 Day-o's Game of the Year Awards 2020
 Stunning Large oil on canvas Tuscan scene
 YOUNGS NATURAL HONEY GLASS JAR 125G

☆ ☆ ☆ ☆

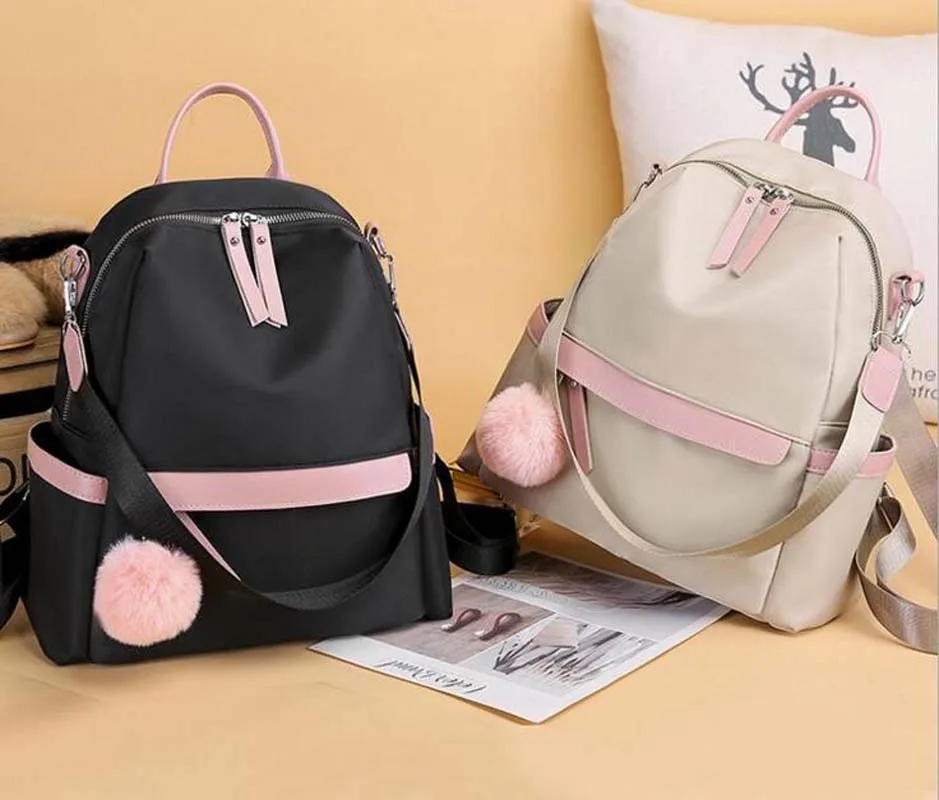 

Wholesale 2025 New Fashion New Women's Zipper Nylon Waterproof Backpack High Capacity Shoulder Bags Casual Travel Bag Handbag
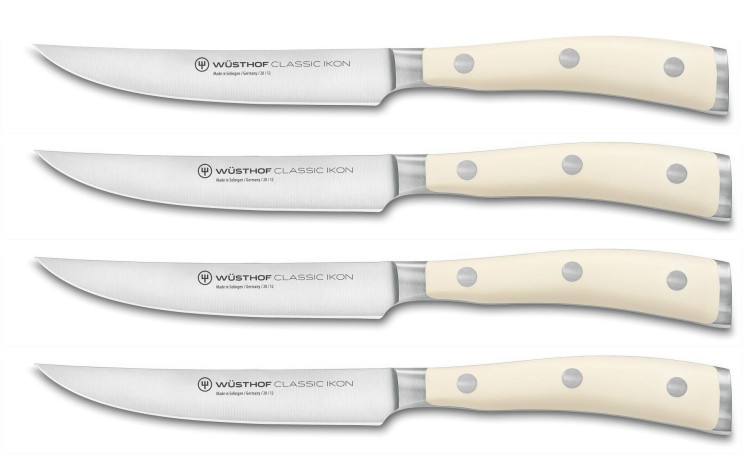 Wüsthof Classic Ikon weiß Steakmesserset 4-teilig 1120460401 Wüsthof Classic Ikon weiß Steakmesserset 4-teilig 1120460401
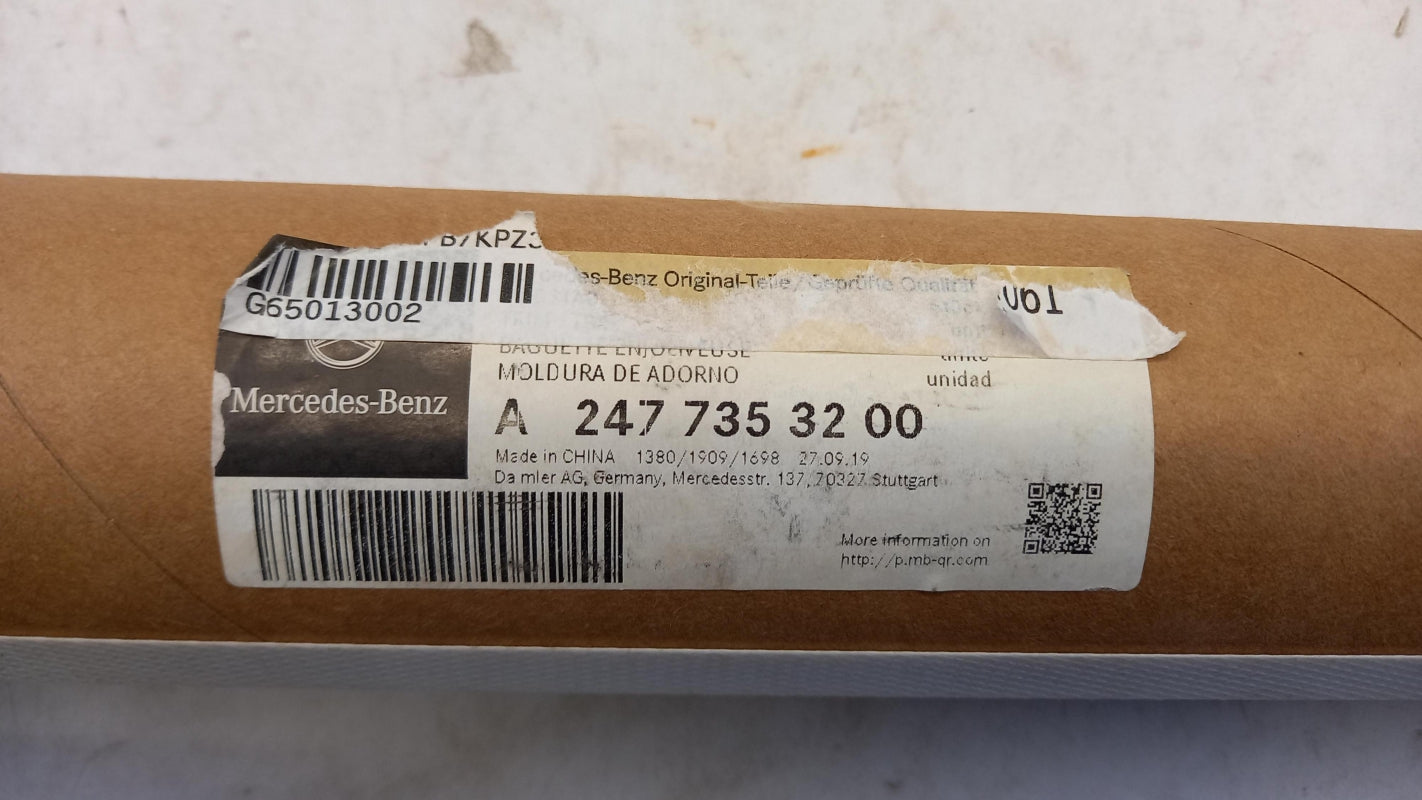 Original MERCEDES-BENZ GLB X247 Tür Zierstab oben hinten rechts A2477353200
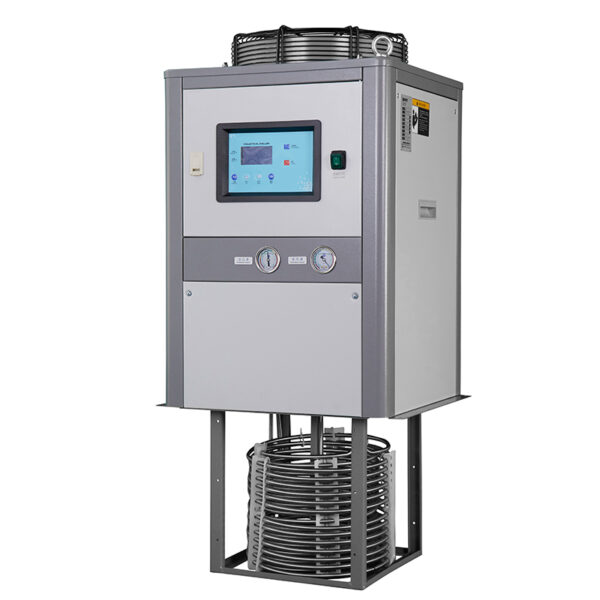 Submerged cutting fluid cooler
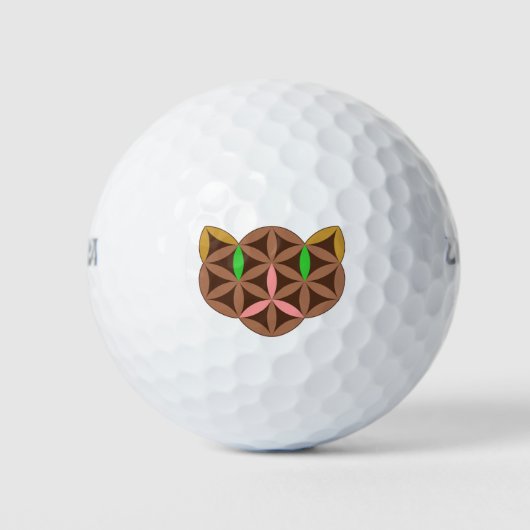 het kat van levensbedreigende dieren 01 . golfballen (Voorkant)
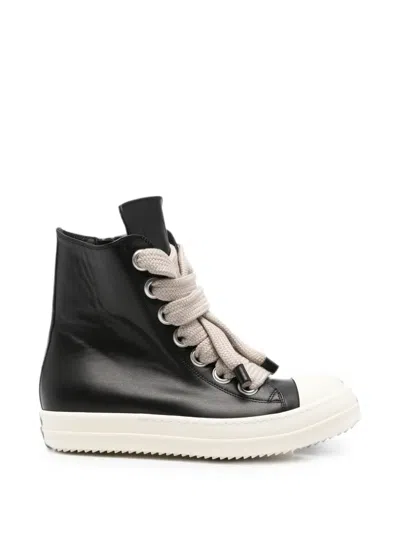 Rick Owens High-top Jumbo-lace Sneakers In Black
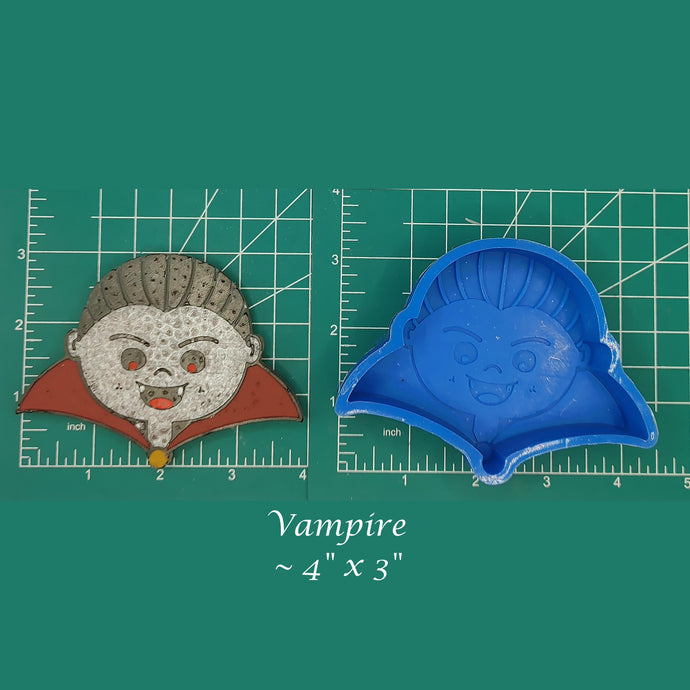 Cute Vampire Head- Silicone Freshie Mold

☆ ☆ ☆ ☆

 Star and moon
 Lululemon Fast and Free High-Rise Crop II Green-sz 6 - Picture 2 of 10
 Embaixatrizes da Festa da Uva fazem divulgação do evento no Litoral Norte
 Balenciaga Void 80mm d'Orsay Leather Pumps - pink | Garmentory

☆ ☆ ☆ ☆

▸ What to work on:
Both the line containing "Day-o's Game of the Year Awards 2020" and the line containing "YOUNGS NATURAL HONEY GLASS JAR 125G" belong in the answer. Print them and every line above that falls between them exactly, and no others.

▸ Reply to the task:
 Day-o's Game of the Year Awards 2020
 Stunning Large oil on canvas Tuscan scene
 YOUNGS NATURAL HONEY GLASS JAR 125G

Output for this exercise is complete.